Mi sono imbattuto, scrollando noiosamente su Facebook, in questa foto. È datata 23 dicembre 1968. Non strade sventrate, non brandelli di corpi senza vita per ricordare un grande magistrato, un grande siciliano.
Un uomo e una donna si sposano, sognando un’intera esistenza d’amore assieme. Ognuno col proprio lavoro, con le proprie aspirazioni, con le proprie scelte condivise.
23 dicembre 1968: avevo un anno e mezzo. Cominciavo a vivere nei miei primissimi passi, con le mie primissime parole, in una micro società siciliana nel centro storico di Agrigento, inconsapevolmente, non capendo niente della mia realtà, non conoscendo altri mondi e le complicazioni dei consorzi umani.
Distanti da me, in un’altra città, due persone, Agnese e Paolo, si univano felici in matrimonio: marito e moglie con il rito “finché morte non vi separi”.
La felicità è questa foto, come tutte le foto di matrimonio, come la mia foto di matrimonio che tengo a poca distanza dai miei occhi: giovani, belli, sorridenti, con una vita davanti.

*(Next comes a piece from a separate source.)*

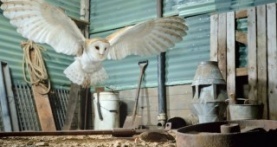 Крошечные существа 1 сезон 4 серия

Siamo lontani da quell’inimmaginabile – allora – 1992, quando tutto finisce, quando decidono di eliminarti per quello che fai, che continui a fare, che vuoi continuare a fare, senza fermarti, con mille domande e sicuramente con le umane paure, considerando anche che sei un marito, che sei un padre, che hai una famiglia.
Fai il tuo dovere eppure devi vivere blindato, scortato, isolato, sconvolto, dentro un’esistenza non più umana, non più sopportabile, sospettando di tutto e di tutti, con la morte ormai addosso dopo l’uccisione del caro amico Giovanni, della moglie, degli uomini della scorta. Ed è quello che avviene, perché era scritto e nessuno ha fermato le mani assassine.
Fa male questa foto. Molto male. E per questo mi sono fermato a guardarla e a riflettere mentre ancora si cerca la verità dopo così tanti anni. Questa foto dice tanto, è una sentenza contro le nostre coscienze.